Bank BUKU I dan sebagian bank BUKU II relatif lebih sulit menganggarkan belanja modal dalam jumlah besar untuk digitalisasi layanan. Semisal modalnya ada pun, bank-bank kecil harus bersaing dengan bank-bank papan atas yang telah memiliki pasarnya sendiri untuk layanan-layanan berbasis komisi. Apalagi, mereka juga harus berkompetisi dan berkolaborasi dengan perusahaan-perusahaan teknologi finansial (tekfin).
Bank harus dapat mengadopsi dan bertransformasi seiring dengan perkembangan teknologi, gaya hidup masyarakat, dan juga karakteristik nasabah yang sudah bergeser pada kanal-kanal digital. Pola konsumsi masyarakat telah bergeser pada belanja daring, menggunakan dompet digital, dan berinteraksi dalam media sosial. Pengembangan fitur, kanal, dan infrastruktur teknologi perlu mempertimbangkan hal itu agar dapat menghasilkan pendapatan komisi yang lebih baik.

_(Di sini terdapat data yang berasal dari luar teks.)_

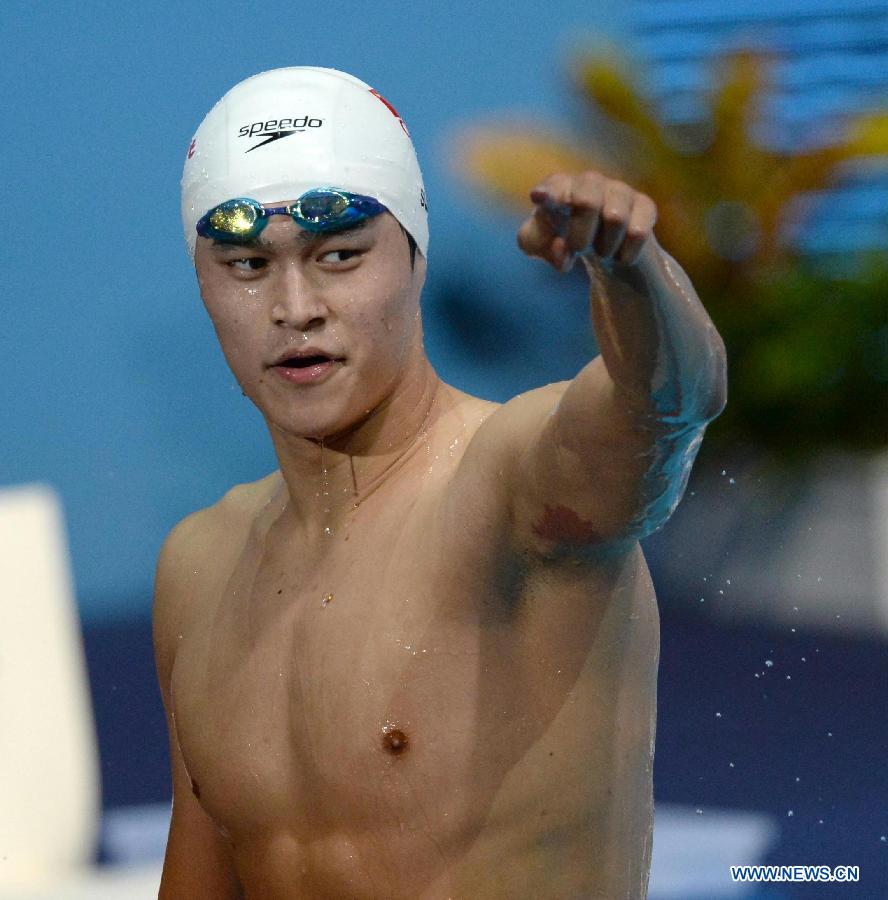 Sun Yang of China reacts after winning the men's 800m freestyle final of the swimming competition at the 15th FINA World Championships in Barcelona, Spain on July 31, 2013. Sun Yang won the gold medal with 7 minutes and 41.36 seconds. (Xinhua/Guo Yong)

Terlepas dari segi kekurangan dan kendala, fee based income menawarkan pendapatan yang memiliki kadar risiko kecil jika dibandingkan dengan pendapatan bunga.
Terlepas dari segi kekurangan dan kendala, fee based income menawarkan pendapatan yang memiliki kadar risiko kecil jika dibandingkan dengan pendapatan bunga. Apalagi, sepanjang 2021, tren suku bunga rendah masih akan berlanjut sebagai salah satu upaya percepatan pemulihan ekonomi. Maka, tidak diragukan lagi, industri perbankan akan semakin agresif mengais pendapatan komisi.
Kompetisi antarbank memperebutkan pendapatan berbasis komisi dalam beberapa waktu ke depan bisa menjadi level ”seleksi alam” terbaru. Apalagi dengan gemuknya sektor perbankan yang hingga akhir 2020 berjumlah 110 bank. Bank yang tidak mampu mengejar kebutuhan ini bisa jadi akan tergilas karena layanan keuangan digital akan berkembang dengan cepat mengikuti kebutuhan zaman.